The driver of the other car died on impact.
I was the only one who could’ve helped Christy.
And I’d failed her.
Days pass and weeks merge into one another without me noticing. My body heals, and my mind and soul thicken with scar tissue inflicted by pain, grief, and unwavering guilt. I’m frozen in time, reliving the night of Christy’s death over and over.
I recede into myself. Friends call around to visit me in the little trailer where I recuperate over the summer break, but I don’t want to see them. I don’t want to see anyone. I can’t stand the looks of pity on their faces or the sympathy in their voices when they tell me it wasn’t my fault.
But the worst is when they try to comfort me with their soothing hands or reassuring hugs. I pull away, undeserving of their reassurance and sickened by the contact.
Back at school, I’m haunted by the halls where Christy and I used to walk hand in hand. Everywhere I look, the memory of her lingers, and it sucks the life out of me until I’m nothing more than a shell of who I was.
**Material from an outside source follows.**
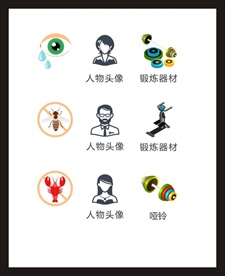LOGO标识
Every day I’m taunted by the same questions, over and over.
Would she have survived if I hadn’t been too drunk to help her?
If we’d missed the lights just once on our way through town, would she still be with us today?
Don’t torment yourself, the school counselor tells me. These are all things we can never possibly know the answer to.
He is right.
So instead, I focus on the things that I do know.
How Christy would still be alive if I hadn’t stormed out of our argument.
How Christy would still be alive if I had simply passed out on the lawn instead of calling her.
How Christy would still be alive if she had never, ever, met me.
At night, I torture myself with the what-ifs.
By day, I become a ghost who can’t make it through the day without falling apart.
The guilt is palpable.
The blame is eternal.
The remorse is deserving.
And it’s only getting started.
DOC
Eighteen Years Later
“I need you to look at my cock.”
These are the words that greet me over my morning coffee while I sit in the kitchen of the Kings of Mayhem, Tennessee, clubhouse. Merrick slides into the chair across the small kitchen table from me, looking sheepish and worried at the same time.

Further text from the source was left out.